YMCA fights rise in drowning deaths with free swim lessons

It is surely going to feel like summer this weekend as dangerous heat takes hold. 

The FOX 5 Storm Team is forecasting the hottest weekend of the year so far. 

To beat the heat, some will head to a pool or lake, but it also comes with some dangers with drowning deaths on the rise. 

A local organization wants to change that and, in some cases, is offering free swimming lessons. 

Parents tell FOX 5 they are happy to have the lessons available. 

"Anything can happen here, so it’s important for her to know how to swim and then also know safety precautions," said Joshua Mason, whose 7-year-old daughter is learning how to swim. 

Summer swimming can be dangerous if you don’t know how to properly swim.

Summer swimming can be dangerous if you don’t know how to properly swim.  (FOX 5)

Mason says his goal is for her to learn what she needs to stay safe. 

"At least for her to know how to pull her head underwater and swim back to safety," he said. 

SEE ALSO: Father’s Day weekend to be hotter than normal, air quality alert 

The YMCA says it is the largest provider of swimming lessons in the country. So far this year in the Atlanta area, it has taught more than 8,000 lessons with plans to double that number this summer. 

"Learning to swim is a must, not a want, and so every child needs to have those skills," said Megan Benvenuto from the YMCA of Metro Atlanta. 

The YMCA of Metro Atlanta offers paid classes as well as free ones and scholarships.
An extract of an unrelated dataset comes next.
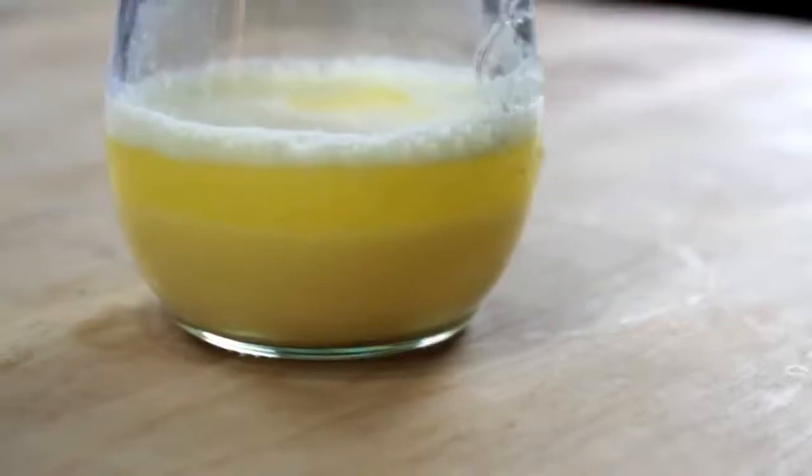Hollandaise, just like mayonnaise, is a fat-in-water emulsion. Normally when you mix together fat and water, the fat's going to separate and float on top of the water in a greasy layer. But the key to a successful emulsion is to break that fat up into droplets so tiny that they stay evenly dispersed, causing the liquid to thicken and turn opaque.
It says each summer they see more of a need. 

"Every year, aquatics directors across Metro Atlanta try to figure out a way to bring on more staff, get them trained, get everyone certified, so they can go out and provide these quality lessons to the kids that need it the most," Benvenuto said. 

According to the Center for Disease Control and Prevention, after dropping for decades, drowning deaths have been increasing since 2020, up about 10% from before the pandemic. The agency says drowning is the leading cause of death among kids ages 1 to 4 and the second leading cause among children up to age 14. 

"Nobody should lose a loved one to drowning and I think what's really important to note is that drowning is preventable," said Dr. Tessa Clemens. 

Dr. Clemens is a drowning prevention researcher at the CDC. She’s also a former lifeguard and swim instructor. 

"We certainly don't want to see drowning numbers increasing, and we know that it's never too late to learn how to swim," she said. 

Besides learning to swim, experts recommend that someone should always supervise swimmers in the water and pools should have barriers and alarms. 

Drownings can occur in less than a minute and oftentimes kids are the victims. 

That is why so many organizations worry about the numbers rising.